Thursday, November 25, 1999

By Jim McKinnon, Post-Gazette Staff Writer

On the witness stand yesterday, Timothy Zotter didn't look like a hard-core juvenile delinquent who, last year, had tried to help a North Side man buy drugs only to end up in a police chase in which the get-away car hit a 7-year-old boy in Brighton Heights.

Zotter, now an 18-year-old Oliver High School senior, was 16 when the car in which he was riding on June 22, 1998, slammed into Raymond Michelotti as the boy rode a bicycle near his home on Gas Avenue.

Zotter testified yesterday in the homicide trial of the driver, Jamal Tait, 21.

Throughout his testimony, Zotter never looked toward the defense table, although he quickly pointed in that direction when asked by Deputy District Attorney Edward Borkowski to identify Tait.

His eyes remained averted as he took a seat behind Raymond's family.

Tait glowered, his eyes following the witness's every move.

Tait had been charged with third-degree homicide. In August, prosecutors added charges of homicide by vehicle and homicide by vehicle while driving under the influence. The latter charges came after Zotter told Borkowski that he, Tait and two other youths in the vehicle had smoked marijuana together before the fatal crash.

Zotter, the grandson of a retired Pittsburgh police officer, testified that he did not know Tait, who drove up to him on Shadeland Avenue and introduced himself as Shawn.

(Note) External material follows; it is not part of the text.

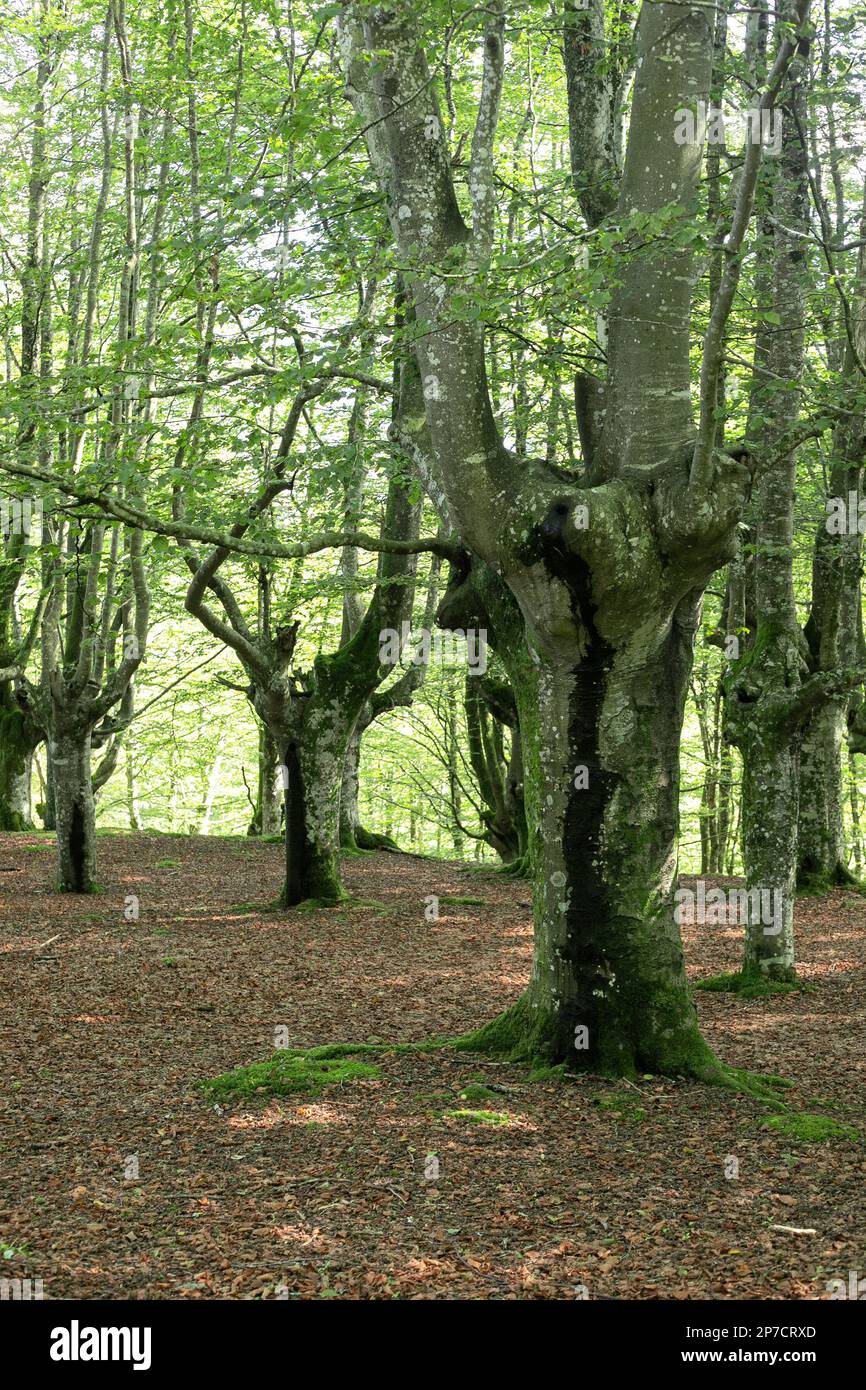 Le hêtre fores dans une journée ensoleillée dans le parc national d'Urkiola dans le pays Basque, Espagne. Banque D'Images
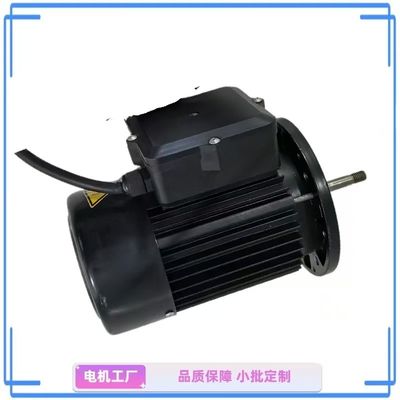 Motor de bomba de agua de una sola fase compacto de 1 CV - ideal para jardín y hogar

Zotter, who has not been charged, said that he agreed to help Tait find marijuana to buy.

He testified that, when he met Tait, he was on juvenile probation because he had gotten caught with marijuana at Northgate High School. He said that when the foursome was smoking pot, he did not inhale because he had a pending urinalysis in connection with his probation.

The group got into trouble when Tait got into an argument with the Rosell family on Spruce Run Road because family members had yelled at him for driving too fast on their street. During the altercation, Tait pulled a pistol and threatened to shoot Richard Rosell, according to testimony over the last two days.

Minutes later, after the Rosells called police, Zotter said his group found themselves being pursued.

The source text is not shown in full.